A host of scholars have studied spam on Twitter specifically. Several works have recently considered the problem of determining whether or not particular tweets or users were spammers (Santos et al. 2014; Miller et al. 2014; Amleshwaram et al. 2013; Thomas et al. 2013; Wei et al. 2015a). These approaches tend to rely on established patterns of spammers on Twitter, such as the content they utilize, their (lack of) network connections and the prevalence of URLs in their tweets (Thomas et al. 2011). Thomas and colleagues (Thomas et al. 2013) spent ten months infiltrating the underground marketplace for fraudulent accounts on Twitter and other social media sites, exposing the intricacies of the spam and bot marketplace. Cumulatively, this work demonstrates that spammers, and spambots in particular, have very different profiles than normal users in the way they construct and use tweets.

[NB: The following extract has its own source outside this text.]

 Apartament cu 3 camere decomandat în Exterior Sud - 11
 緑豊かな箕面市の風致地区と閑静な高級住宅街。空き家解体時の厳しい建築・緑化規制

While Twitter clearly lays out the reasons that one can be suspended online, the reason why any particular account is suspended is not known to the analyst. Prior research provides guidance on how we might differentiate types of suspended users and the extent to which these individuals might act as extremists. Our work differs from these previous efforts in spam detection in that we are not concerned with detecting spammers, but in assessing the impact of such users on our understanding of who is influential in social media and in what is being said on social media; specifically, we are assessing the impact of the removal of suspended users from the holistic network and topical analytic results commonly performed on data derived from Twitter.

3 Data and methods

Our dataset contains approximately 73M tweets from April 2010 to November 2013 sent by roughly 3.8M users. Tweets in the dataset are collected via a combination of geo-spatial bounding boxes around the fifteen countries of interest for this analysis (listed in Table 1), as well as keyword and user-based searches performed on the Streaming API. We choose this area of the world during this particular time period as social movements and protests occurred frequently during this time period. As we will discuss, this social unrest corresponded to reports of internet censorship and also to the development of extremists and militant who were active on Twitter and using it in a way that would later lead their accounts to be suspended. From our dataset, we extract all users whose accounts were suspended by Twitter as of October 2014. Table 1 provides a summary of our dataset.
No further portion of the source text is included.